In the evenings, after we would walk on the road, Billy would shoot pool with Ollie Cromwell on the table beyond the bar. Then we would sit around and listen to Eddie McDonald argue fights with Whitey and talk to the dog.
"Watch this, Billy," Eddie would say. "Listen
to Skipper now. Skipper is a real smart dog, and he likes you, Billy."
There would be the same songs, over and over again, on the juke box. Someone, who had dropped in for a drink at the bar, would plunk a coin into the juke box and out would come once more "Don't Let the Stars Get in Your Eyes" or "Blues in the Night" or "Glow Worm."
"Billy will lick this guy," Eddie McDonald would say, "Billy will lick him, but good. He will make mincemeat of Mr. Giardello."
He had a genuine affection for Billy, but it also seemed to me that he took a proprietary interest in the fighters who trained at his place. I think he regarded them, when they climbed into a ring, as advertisements for the Long Pond, and when, at the end of it, we drove into New York for the fight, he and his wife were in the car with Billy, Whitey, Johnny Dee, and me.

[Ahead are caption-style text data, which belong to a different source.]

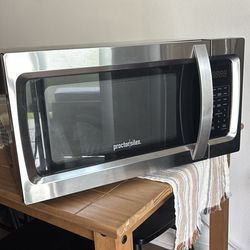 Proctor Silex Microwave  1100 Watt Microwave Oven Stainless Steel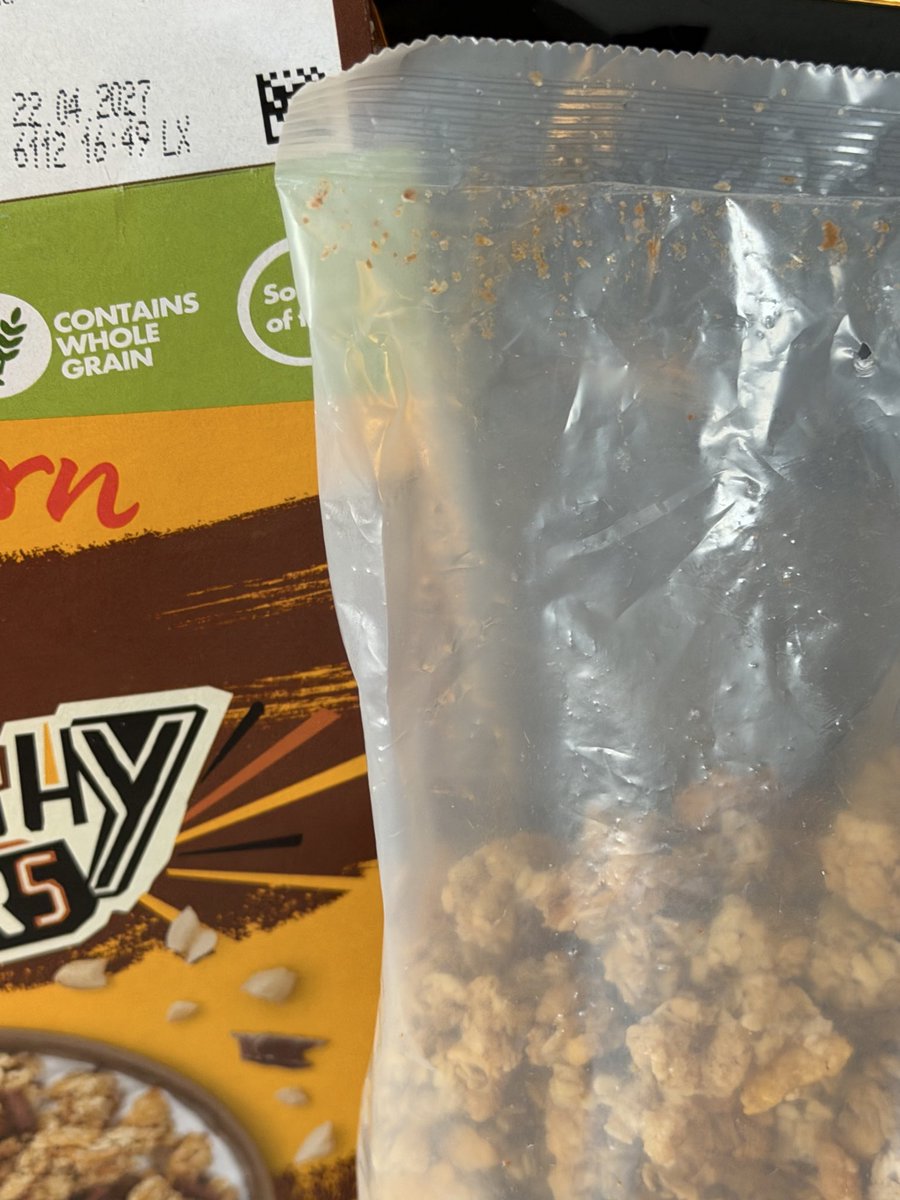 Monica89's tweet photo. @AldiUK my crunchy cluster had a hole in the packaging. The cluster will be stale. https://t.co/WKVaZmWvA7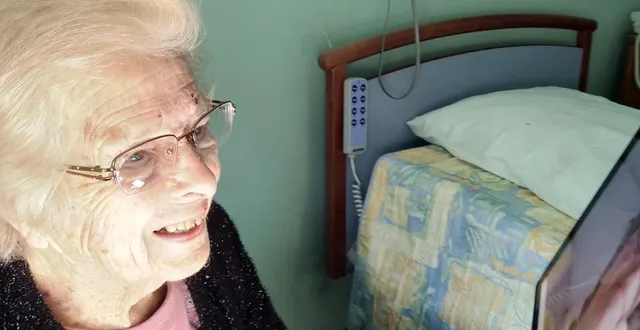 photo jeannine legeay, résidente unité des capucines, communique en direct avec ses proches grâce à la tablette. &copy; dr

"You'll lick him good," he said to Billy, when we dropped him and his wife off in mid-Manhattan on our way down to the offices of the New York State Athletic Commission for the weigh-in. "You'll put lumps on him. You'll see."
"Sure," Billy said, smiling. "Don't worry about it, Eddie."
That was the way he was at the weigh-in too. When the photographers positioned them, stripped to the waist and facing each other in the fighting poses, Giardello's fists were trembling, while Billy's were motionless.